Marois and his colleague James Todd used functional magnetic resonance imaging (fMRI) to monitor the brains of 20 participants while they were presented with a barrage of visual information. Reporting in the journal Neuron, Marois found that you can see something, but not necessarily process it, and that "whenever we pay attention to an object or a visual event we actually need to dwell on that object or event for a few hundred milliseconds, almost up to a second or half a second.
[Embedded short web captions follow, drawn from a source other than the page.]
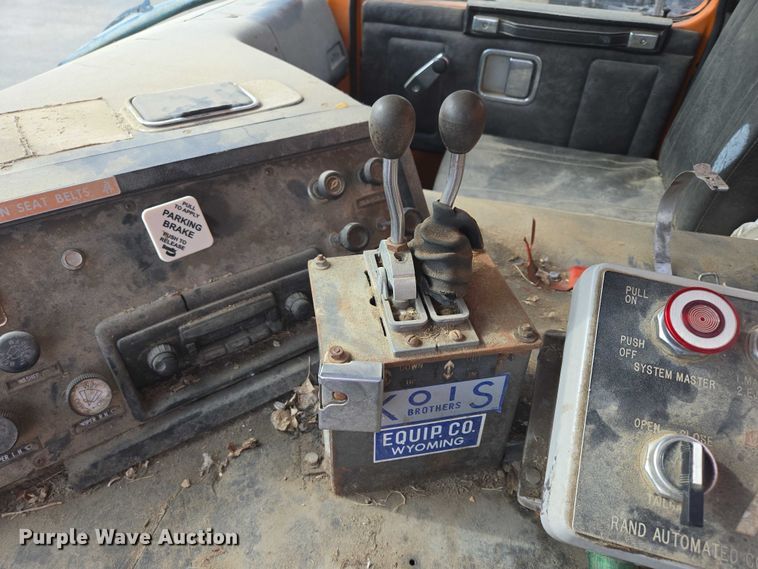 image for item ER5462 1990 White GMC Xpeditor  refuse truck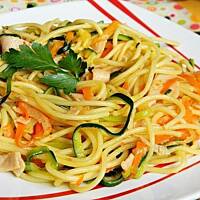 Kolorowe spaghetti z szynką i warzywami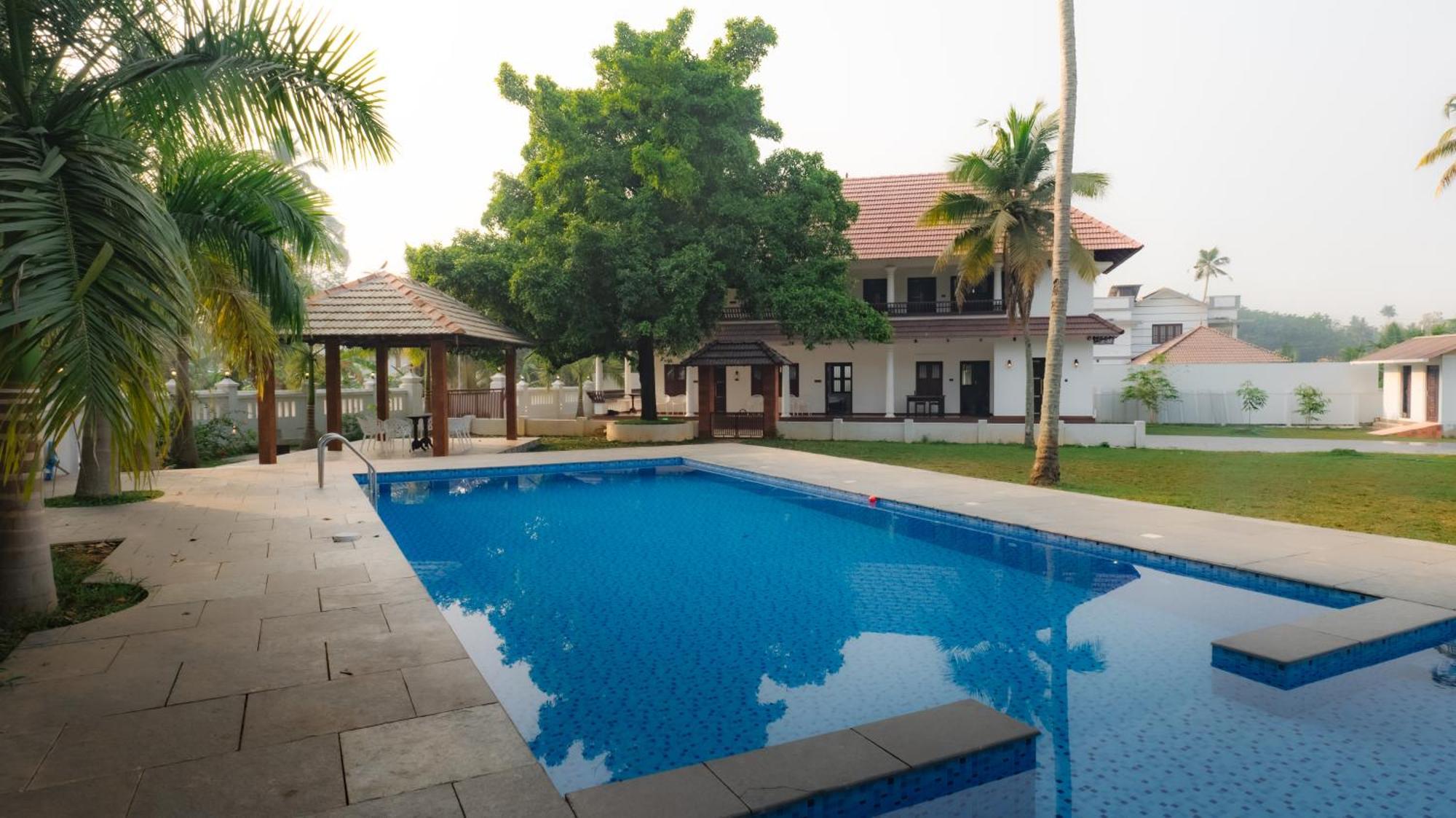 Tamarind Heritage Holiday Home Angamali Exterior foto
While our brain is busy processing one visual event, we may not be able to process other visual events that are going on in the visual world."
Marois points out that a half a second is long enough for an information "bottleneck" to occur, especially behind the wheel. "When we're driving and there's something that attracts our attention in the visual field, then we're less likely to detect something else going on in that visual field within about half a second after that," says Marois. "Of course, when you're driving, this can have dire consequences."
"We found that when people are talking on the cell phone, their reactions are slowed by about 20 percent," says Strayer. "We also found that people, when they're on the cell phone, are more likely to get into accidents than when they're not talking on a cell phone. So not only are your reactions sluggish, but those sluggish reactions can lead to accidents."
Strayer thinks that when you're talking on your cell phone, you enter a sort of "virtual reality" with the person you're talking to, instead of dealing with the physical environment you're actually in. "What happens is, even though the driver is looking out the windshield, [and] they're looking at signs and other information in the driving scene, they're not actually processing it," says Strayer. "They're not seeing that information because their mind is concentrating on the cell phone conversation, and not on driving."
Marois believes that although the brain is a powerful processing machine, it has limitations, and driving while talking on a cell phone stretches those limitations. "The more we understand the capacity limits that we're faced with, the better we can design regulations and road safety signs to handle the capacity limits that we're confronted with," he says.